I often times focus on the fun side of drinking here but to be realistic, not everyone deals with alcohol the same way. Most people whether you know it or not know someone who has or is dealing with a problem with alcohol. I personally have immediate family members to have dealt with drinking problems, ruining their lives to the fullest extent of the word, and others who don’t want to admit they do. A lot of us have the luxury of being able to have a few drinks with our dinner and not giving it a second thought but it’s those who don’t that we often don’t think about.
Last year at this time, I met a friend who was approaching their one year “sober-versary” and in solidarity, not that they asked me to but out of respect I chose to spend January without taking a drink. A little difficult in my line of work but ended up being a quite humbling.

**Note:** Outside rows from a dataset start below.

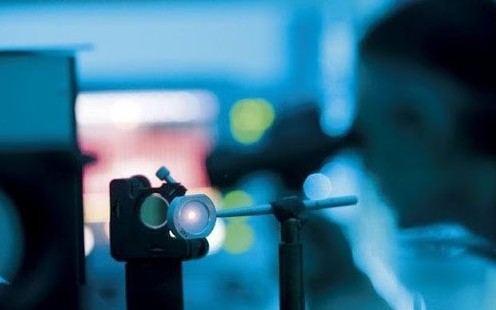 بۇگىن - قازاقستانداعى عىلىم قىزمەتكەرلەرىنىڭ كۇنى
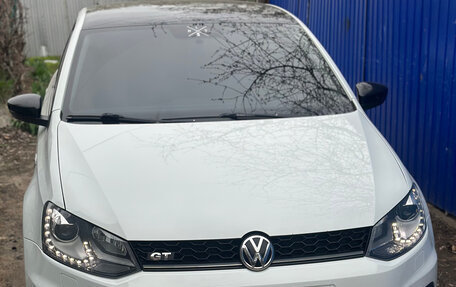 Volkswagen Polo VI (EU Market), 2017 год, 1 550 000 рублей, 1 фотография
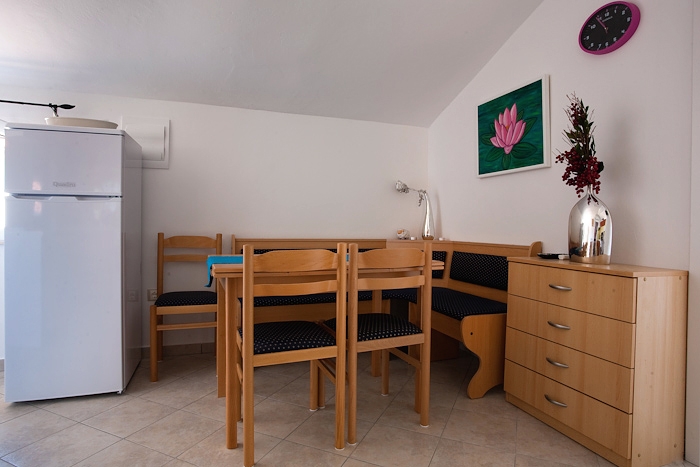 Three bedroom apartment with terrace Poljana (Ugljan) (A-8523-a) Three bedroom apartment with terrace Poljana (Ugljan) (A-8523-a)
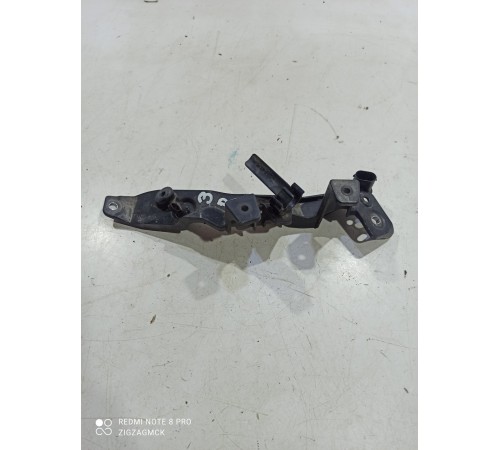 Кронштейн (задний, правый)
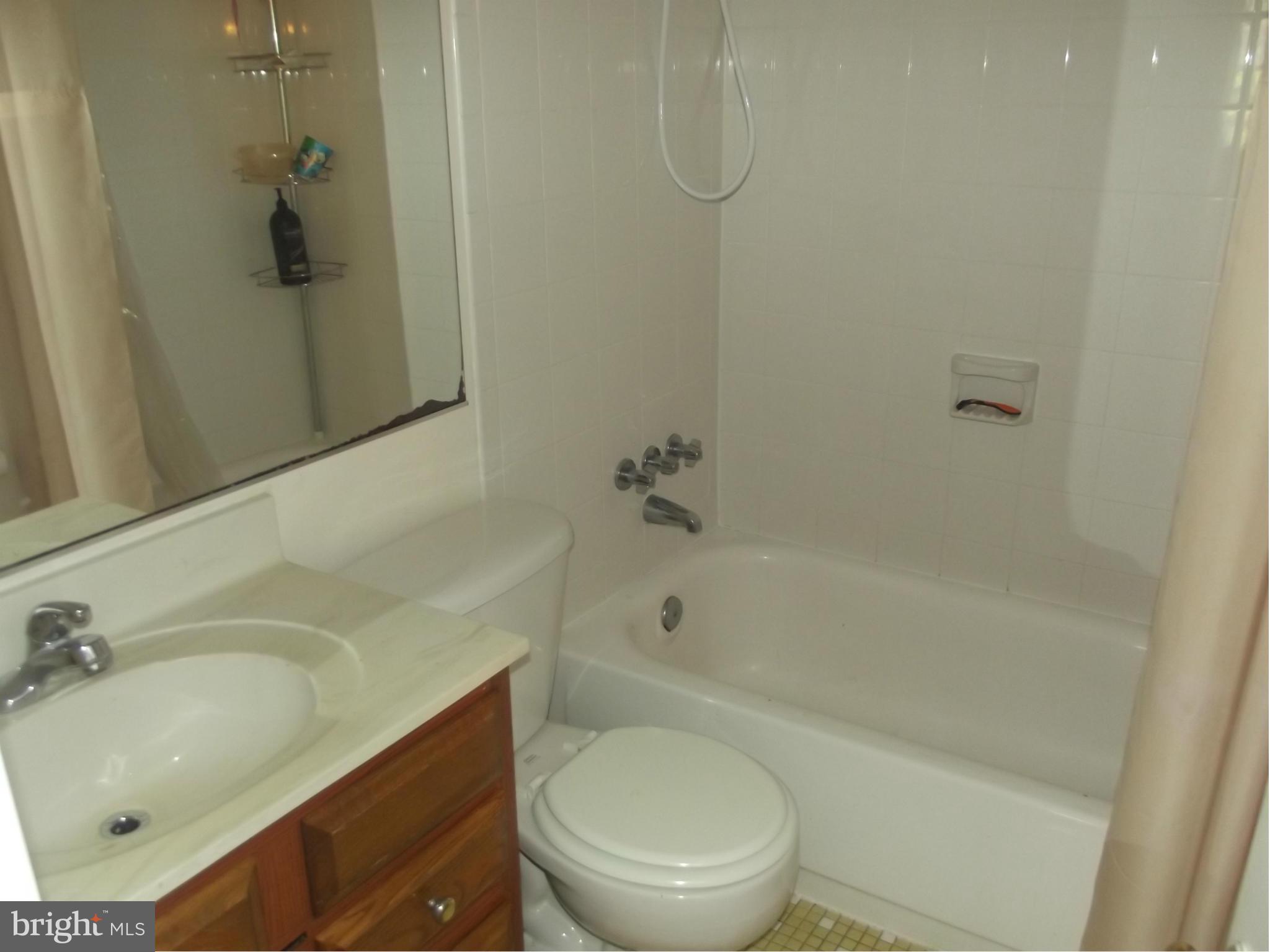 4334 Granby Road Woodbridge, VA 22193 - Photo 11 of 17 Bath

In the alcohol business, everyone knows how to have a good time. Everyone. I was personally so scared of alcohol because of my family history, I didn’t get drunk for the first time until I was 22. (Clearly I’ve made up for it) If you had told me 10 years ago I’d have anything to do with the alcohol business, I would have laughed you out of the room. I wanted to be a mom, raise kids in Indianapolis, and have a white picket fence, now I’m a business owner, I have no kids and don’t plan on it, and can’t see my life in anything other than the city. Funny how life changes isn’t it?
So now every January, I take the month to check in, get my body back in order after what is generally the hell month of December, and continue to make sure that I keep myself grounded in a world full of booze. I’d be lying if I said I don’t worry that going out all the time, the booze, the wine, the beer, won’t someday turn into something I need versus enjoy. Maybe it’s something everyone who has people with alcoholism close to them deal with and maybe it’s not but it’s something I need to do to keep my mind in check.
What I also realize is that doing that keeps me on a healthier path. So many people in my industry don’t want to admit something is more than just drinking for fun or for work, but our industry perpetuates it. Though until someone is ready to admit that, they will continue to go out, have “fun”, and drink until they hit rock bottom but it takes a really strong person to realize and admit that. It takes an even stronger person to maintain sobriety. This isn’t supposed to be a PSA but sometimes its just smart to “check yo self before you wreck yo self”. And to everyone out there that is struggling, to those staying sober even though it’s tough, I applaud you. So cheers to a happy and healthy new year!